We had scheduled a Skype conversation Thursday afternoon, which is probably why Shelley Wright and her inquiry-minded ways were on my mind when I met with my Grade 8 English class Thursday morning. I had had a beautiful lesson plan ready to go; it involved a Venn diagram and some discussion that would lead to an epiphany about The Outsiders and life. It was a beautiful plan.
But then I opened my mouth and this came out: “what do you want to learn?”
My students played along and we ended up circled around ten of our favourite questions. We needed to come to consensus, so I asked one of the students to keep a speakers’ list and notified everyone that I would be part of the circle.
Liam threw me a sharp look and said, “You mean you aren’t going to give us the question?”
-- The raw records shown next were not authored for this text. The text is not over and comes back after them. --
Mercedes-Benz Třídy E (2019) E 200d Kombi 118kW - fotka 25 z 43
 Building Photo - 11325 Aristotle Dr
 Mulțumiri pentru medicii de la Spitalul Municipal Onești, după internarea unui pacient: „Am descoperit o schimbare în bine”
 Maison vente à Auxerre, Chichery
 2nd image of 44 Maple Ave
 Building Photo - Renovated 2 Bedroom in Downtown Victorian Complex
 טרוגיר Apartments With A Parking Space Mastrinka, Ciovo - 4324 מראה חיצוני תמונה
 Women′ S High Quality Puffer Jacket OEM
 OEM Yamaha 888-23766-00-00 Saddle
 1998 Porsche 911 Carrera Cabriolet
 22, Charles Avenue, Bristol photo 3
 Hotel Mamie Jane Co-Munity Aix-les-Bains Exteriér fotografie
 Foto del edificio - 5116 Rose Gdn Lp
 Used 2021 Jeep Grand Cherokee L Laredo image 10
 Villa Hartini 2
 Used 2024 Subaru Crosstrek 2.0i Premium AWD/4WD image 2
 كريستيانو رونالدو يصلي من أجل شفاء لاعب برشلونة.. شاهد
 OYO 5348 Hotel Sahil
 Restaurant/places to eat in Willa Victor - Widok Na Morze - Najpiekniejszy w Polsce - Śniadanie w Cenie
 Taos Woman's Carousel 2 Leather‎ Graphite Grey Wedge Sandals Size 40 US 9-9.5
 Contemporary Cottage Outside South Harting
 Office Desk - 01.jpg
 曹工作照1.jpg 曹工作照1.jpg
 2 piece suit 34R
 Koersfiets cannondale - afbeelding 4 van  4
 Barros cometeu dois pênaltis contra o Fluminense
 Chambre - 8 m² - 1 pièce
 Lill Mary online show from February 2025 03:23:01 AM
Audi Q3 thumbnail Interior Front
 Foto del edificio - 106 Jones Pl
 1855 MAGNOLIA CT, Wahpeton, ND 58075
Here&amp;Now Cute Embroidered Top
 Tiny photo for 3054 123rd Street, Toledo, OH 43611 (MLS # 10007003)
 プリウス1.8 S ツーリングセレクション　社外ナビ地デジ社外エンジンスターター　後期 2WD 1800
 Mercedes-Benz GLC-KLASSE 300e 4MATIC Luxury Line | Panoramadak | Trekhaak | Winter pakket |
“No,” I said. “The whole point of this is for you guys to decide what you want to learn.”
“Yeah, but I thought you were just going to “let” us choose.”
“Nope,” I felt almost as shocked as Liam looked and wondered if “letting” students choose is what I normally do.
Liam, now looking incredulous, got more fully engaged in the consensus-making.
About 6 years ago when I went from grading to feedback, I felt a sense of flow enter my classroom. I feel on the brink of that flow again.
As for what my students really want to know? Here is their question: How do people find happiness in the darkest places?
As for what I want to know? Other than what to do next class (something Shelley helped me out with – thank you, Shelley!), I’m curious to see where this path will lead me and where it will lead my students, because – this time – we’re all learners.